The honors program is voluntary, providing a unique challenge for top undergraduate students by offering them advanced levels of coursework and research opportunities. Students in the program must maintain a grade point average of at least 3.5, complete a certain amount of honors coursework, participate in at least two service or leadership opportunities, and finish an honors thesis involving research.

The following seniors graduated this year with “Honors in Engineering”:

Brett Burton

Brett Burton, B.S. in bioengineering, 2008. His honors thesis involved using 3-D computer modeling software to mimic heart conditions so that the electrical response of heart attacks can be tested.

Brett plans to come back to the U in the fall to study for his Ph.D. He will continue his research by comparing heart models with actual results to see whether the models accurately predict heart conditions. His goal is to eventually be able to use the information to provide early detection of heart problems before they become fatal.

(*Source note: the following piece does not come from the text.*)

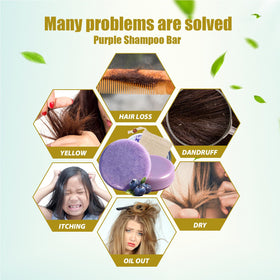 Htcpuo blueberry fields shampoo bar held in hand for easy application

During his senior year, Brett also worked as vice president of students for the Biomedical Engineering Club – a local chapter of the Biomedical Engineering Society and Engineering in Medicine and Biology Society. His responsibilities included rewriting the constitution for the local club, working on obtaining donations from local businesses and networking with professors. This past academic year, Brett helped increase membership from 30 to over 200.

Dylan McCreedy

Dylan McCreedy, B.S. in bioengineering, 2008. For his honors thesis project, he examined the utility of various cell transplants for delivering therapeutic molecules to diseased or damaged brain tissue. He also investigated the effects of the foreign body response to implanted membranes on diffusion in brain tissue.

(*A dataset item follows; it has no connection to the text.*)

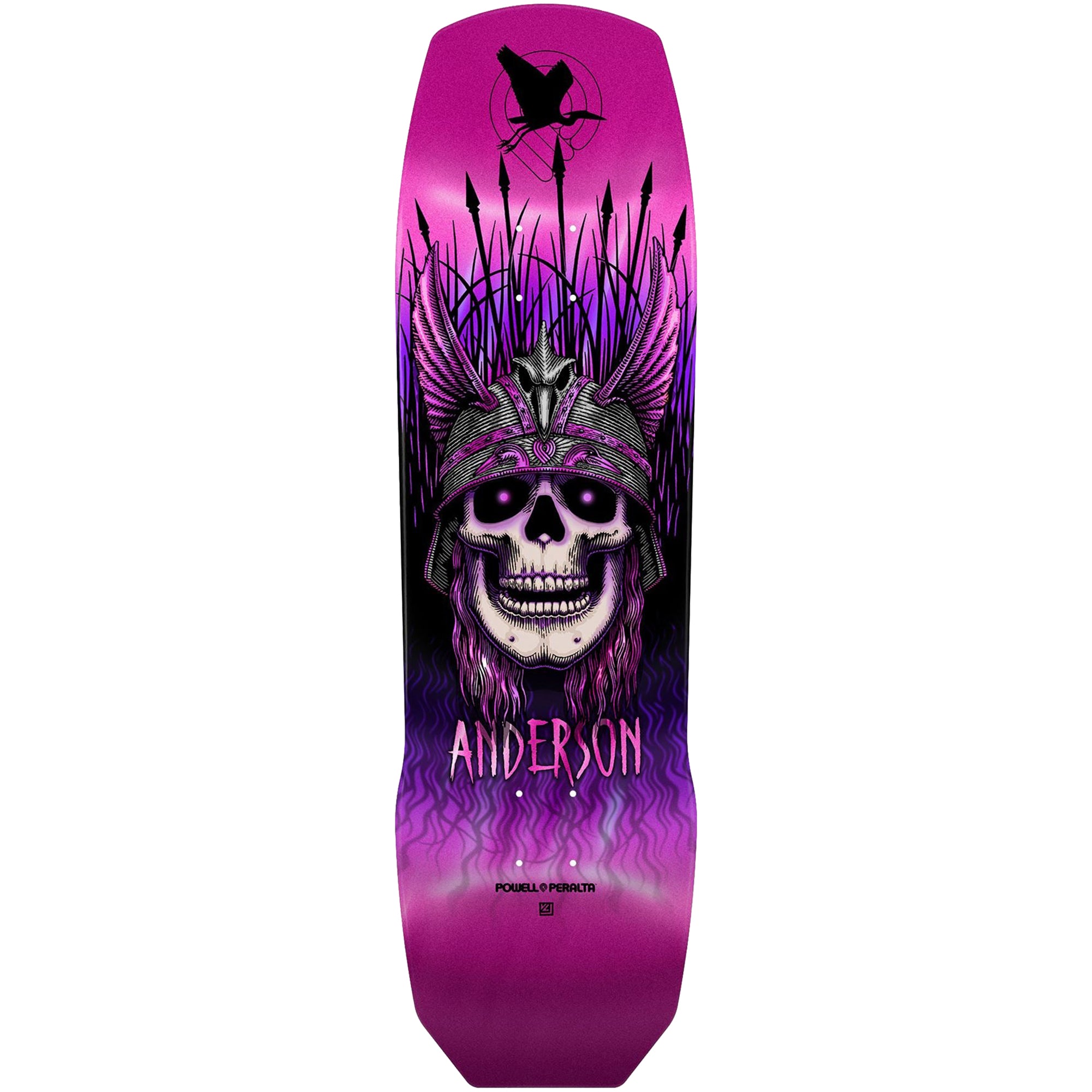 Powell Peralta Andy Anderson Heron Skull Pink Foil Skateboard Deck 9.13"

Dylan plans to go to back to school this fall at Washington University in St. Louis, Missouri, to pursue a Ph.D. in Bioengineering. He plans to study central nervous system tissue repair, specifically with spinal cord injuries. He says studying bioengineering provides him the opportunity to pursue his interest in science and apply it to something that can help people.

In addition to his studies, Dylan was active in Tau Beta Pi (the engineering honor society), serving as co-chair of the mentoring program. He volunteered to teach science to underrepresented elementary students. He also developed a youth public art tour in Salt Lake City.

Serena Pearce

Serena Pearce, B.S. in bioengineering, 2008. Her honors thesis project involved analyzing the structure and composition of normal sciatic nerves and comparing those with ones implanted with an electrode array, a device used to stimulate or record neurons in the central nervous system.

Serena has been accepted this fall to the orthopedic biomechanics program at Purdue University in West Lafayette, Indiana. Having previously suffered a torn anterior cruciate ligament in her knee, Serena became interested in studying orthopedics. Once she graduates with a PhD, she plans to do research in her field.

As an undergraduate Serena was a service-learning scholar, having completed over 500 hours of service through the U’s Lowell Bennion Community Service Center. Serena has been a member of the Society of Women Engineers, serving at various times as president, vice president, treasurer and activities’ chair. She was also a member of the Tau Beta Pi (the engineering honor society) student advisory committee.

Katie Trieu

Katie Trieu, B.S. in chemical engineering, 2008. For her honors thesis project, Katie compiled research on carbon dioxide sequestration. Her works seeks to tie together the research as the basis of her thesis.

Katie is interested in field of energy and policy. This summer she has accepted a job in technical sales at Exxon Mobil in the finished lubricants sector. She eventually hopes to go back to school – potentially law school to study policy advising.

One of her service projects as an undergraduate involved helping to rebuild homes in New Orleans after Hurricane Katrina. This past academic year, Katie was president of Tau Beta Pi (the engineering honor society). She also worked at the student paper as a production and art director.

Nancy Vu

Nancy Vu,  B.S. in bioengineering, 2008. Her honors thesis project involved research for the past three years at Huntsman Cancer Institute, where she studied and identified adult stem cells that are responsible for renewal and growth of human lung tissue.

This summer, Nancy will go to India for an international internship focusing on HIV/AIDs prevention awareness. She plans to go to medical school at the U in the fall.

This past academic year, Nancy was vice president of Tau Beta Pi (the engineering honor society), working on initiation ceremonies and overseeing the mentoring, tutoring, and alumni committees. She was also involved in doing clinical research at the U’s Center for Pediatric Nutrition and Research. Last summer she was an intern for the engineering college’s HI-GEAR program (a camp for girls who are interested in engineering and computer science). Nancy’s passions are research and playing the violin.